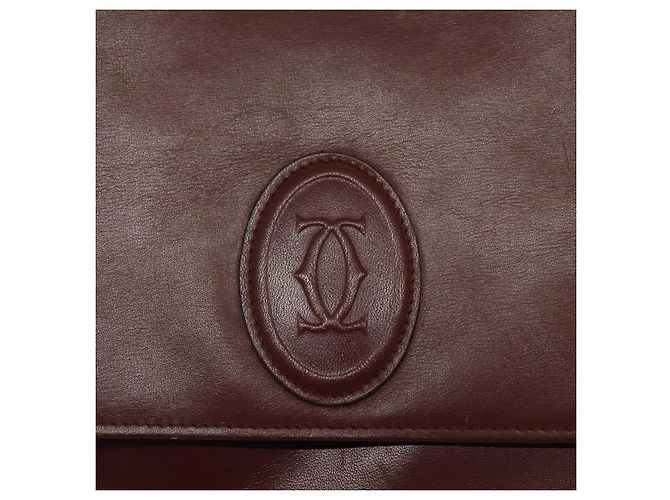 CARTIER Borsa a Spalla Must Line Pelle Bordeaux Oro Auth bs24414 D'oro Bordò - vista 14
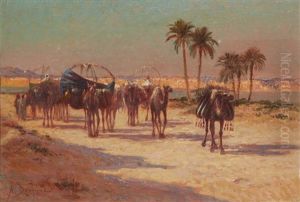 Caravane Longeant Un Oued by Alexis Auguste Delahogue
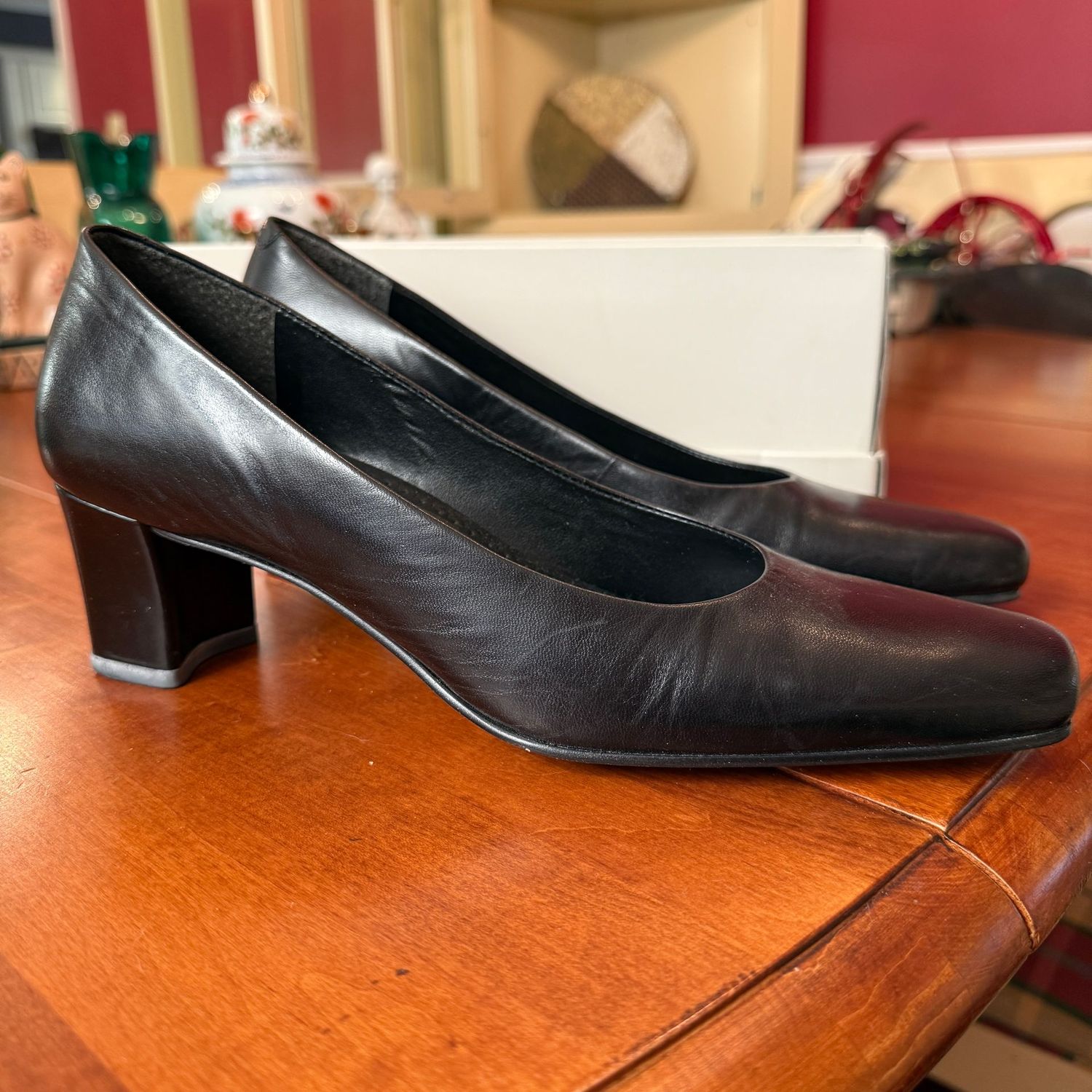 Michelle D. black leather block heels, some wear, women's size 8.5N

------------

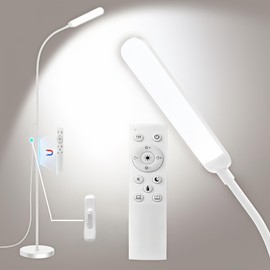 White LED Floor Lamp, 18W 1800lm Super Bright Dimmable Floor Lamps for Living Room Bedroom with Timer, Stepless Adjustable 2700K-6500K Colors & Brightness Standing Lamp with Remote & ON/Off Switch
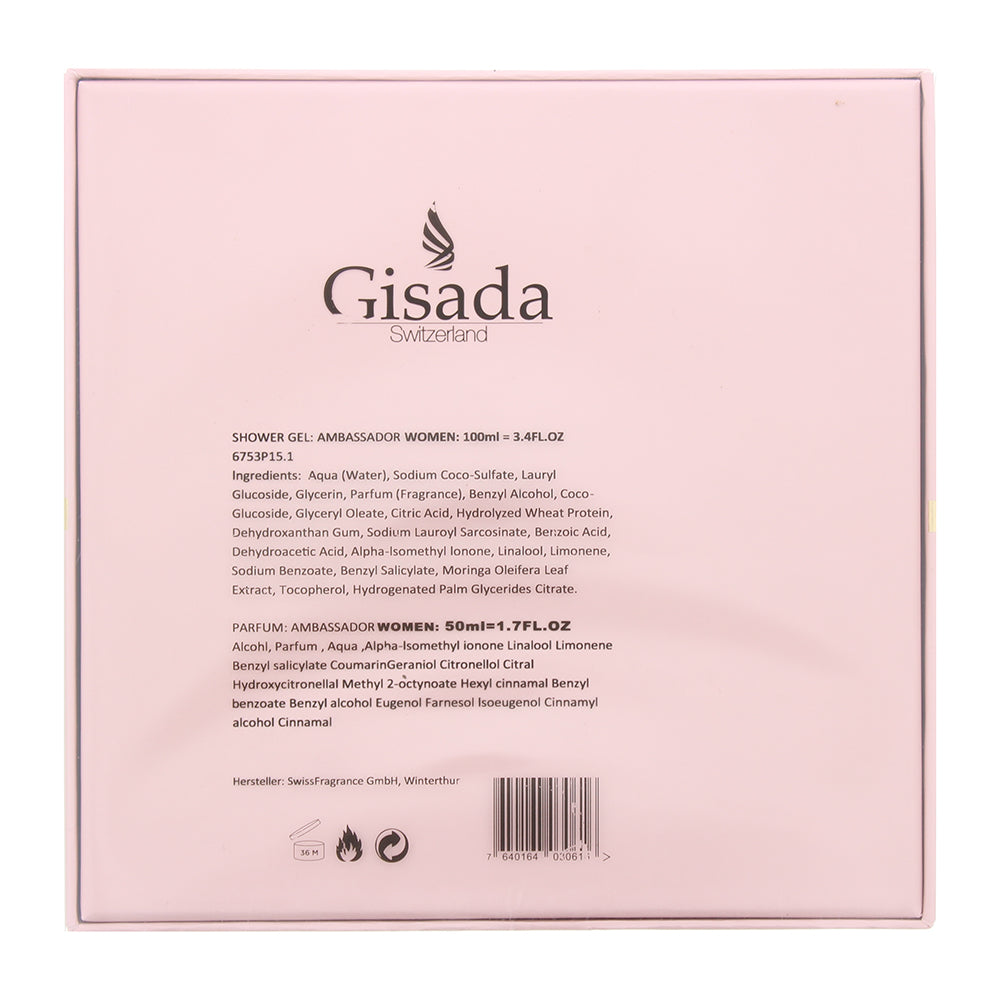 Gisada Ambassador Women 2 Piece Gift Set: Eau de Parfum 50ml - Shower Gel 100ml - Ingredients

------------

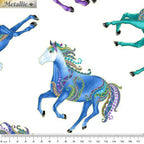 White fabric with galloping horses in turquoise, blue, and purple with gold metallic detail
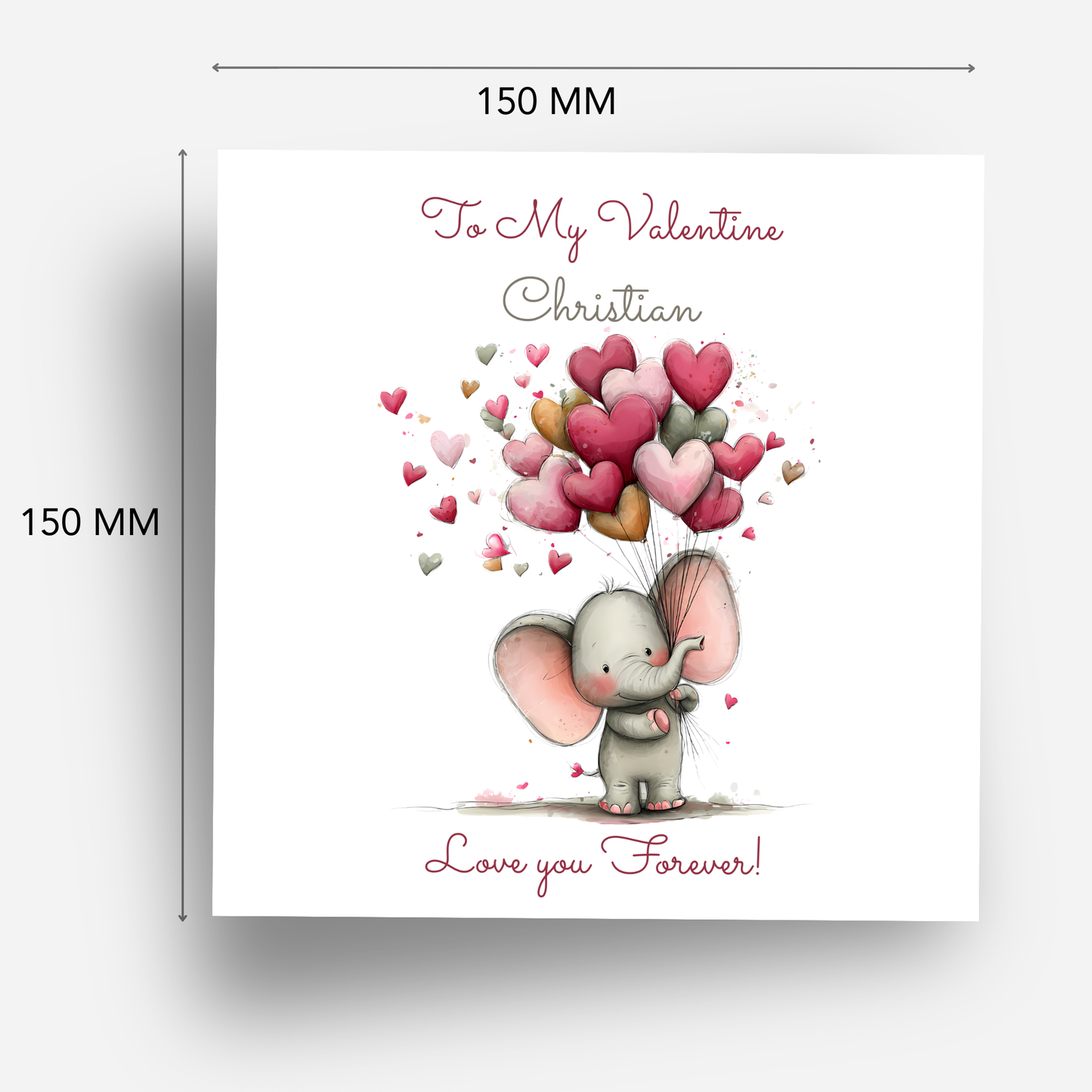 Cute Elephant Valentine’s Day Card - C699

------------

» Task requirements
Drop the pictures; return the lines above from the line containing "Caravane Longeant Un" to the line containing "Michelle D. black", both included, exactly.

» Task output
 Caravane Longeant Un Oued by Alexis Auguste Delahogue
 Michelle D. black leather block heels, some wear, women's size 8.5N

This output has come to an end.